Data excerpts:
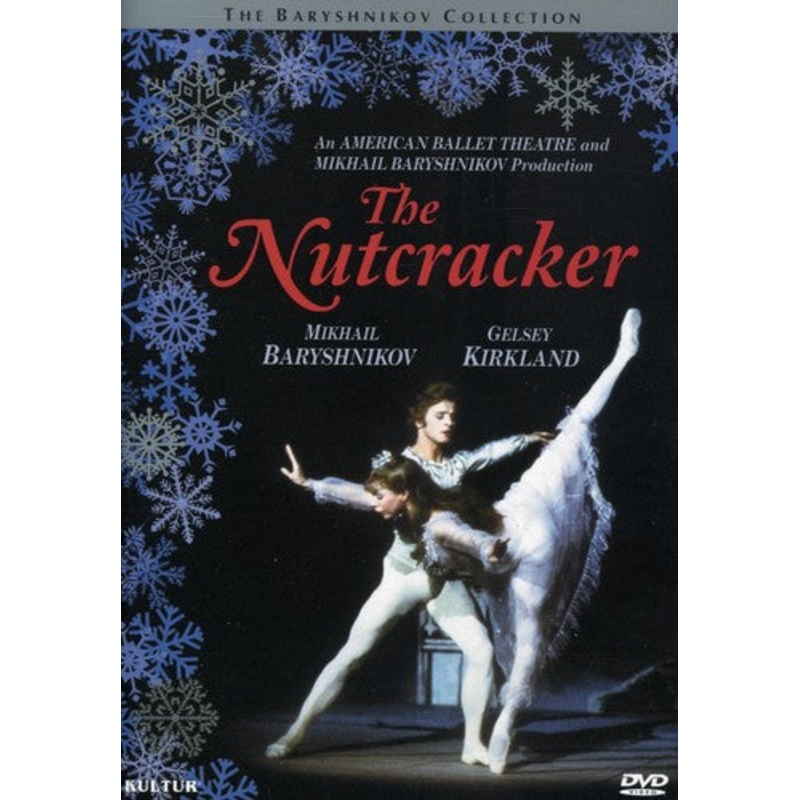 The Nutcracker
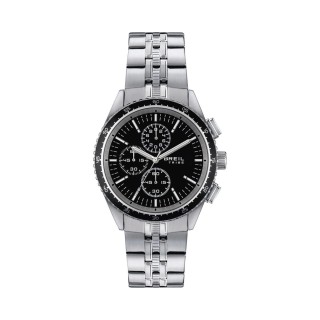 Herreur Breil EW0634 Sort (Ø 43 mm)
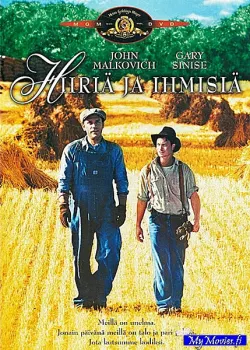 Hiiriä ja ihmisiä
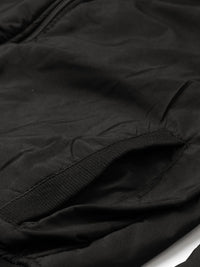 Kampus sutra lelaki hitam pepejal pepejal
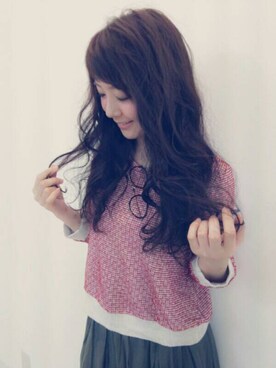 hiroelさんのコーディネート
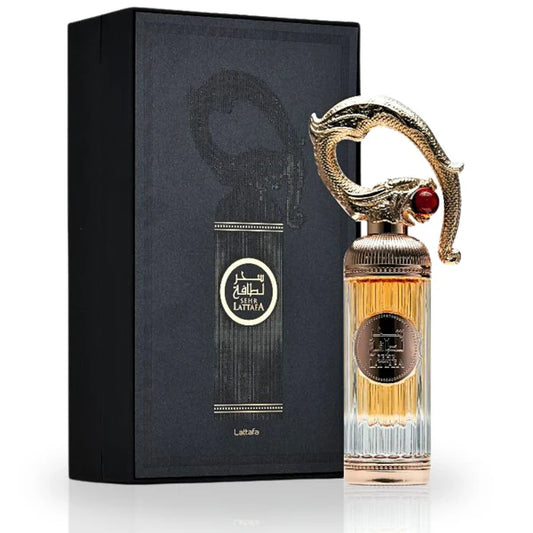 LATTAFA SEHR FOR WOMEN - 100ML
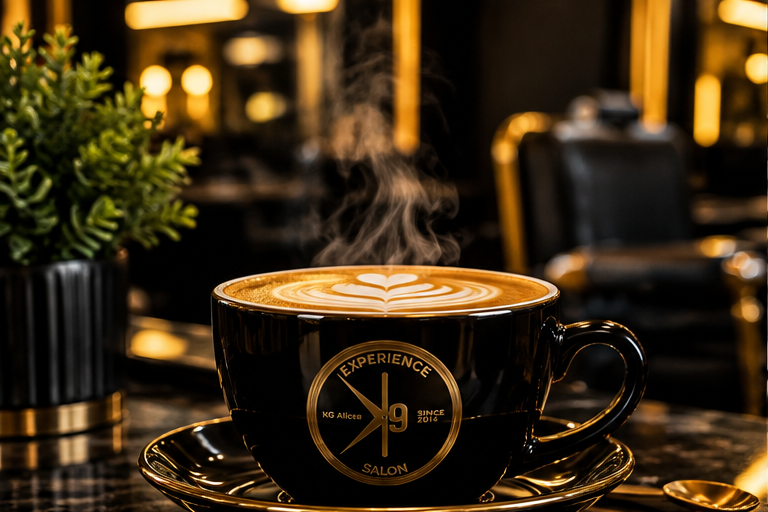 Café y picadera
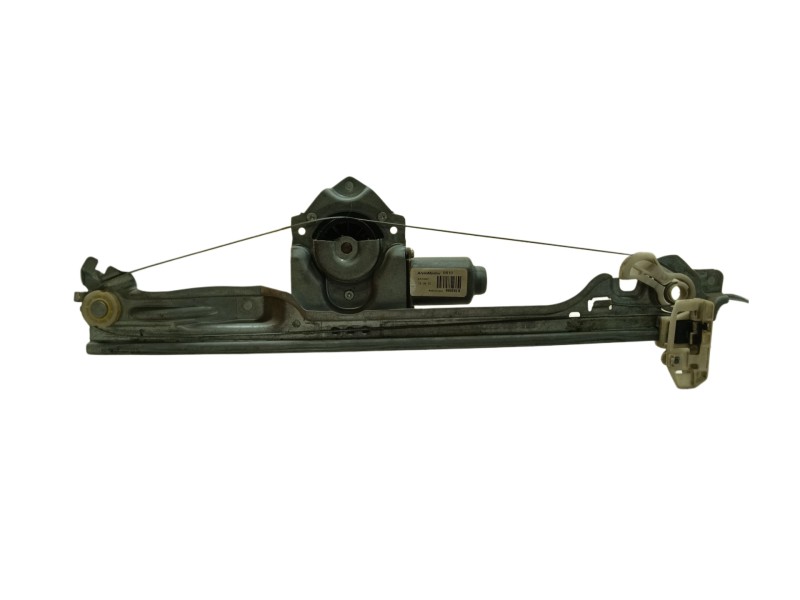 Recambio de elevalunas trasero derecho para renault modus / grand modus (f/jp0_) 1.5 dci (fp0d, jp0d) referencia OEM IAM 8200801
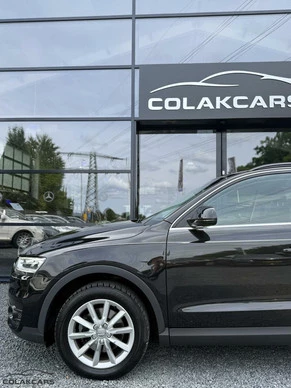 Audi Q3 - Afbeelding 30 van 30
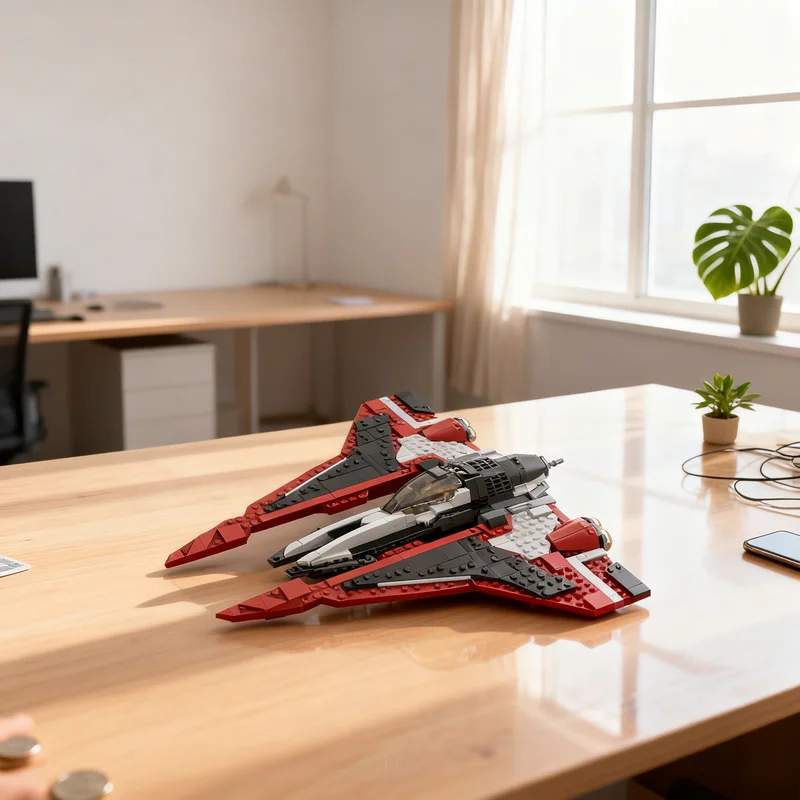 494-pieces-moc-kom-rk-class-fighter-transport-star-battle-model-building-blocks-toys-architecture-christmas-gifts-brick-idea-diy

Exercise objective: Word for word, write out each line from the one with "Kampus sutra lelaki hitam pepejal pepejal" through the end of the entries above, and omit any pictures.

Output:
 Kampus sutra lelaki hitam pepejal pepejal
 hiroelさんのコーディネート
 LATTAFA SEHR FOR WOMEN - 100ML
 Café y picadera
 Recambio de elevalunas trasero derecho para renault modus / grand modus (f/jp0_) 1.5 dci (fp0d, jp0d) referencia OEM IAM 8200801
 Audi Q3 - Afbeelding 30 van 30
 494-pieces-moc-kom-rk-class-fighter-transport-star-battle-model-building-blocks-toys-architecture-christmas-gifts-brick-idea-diy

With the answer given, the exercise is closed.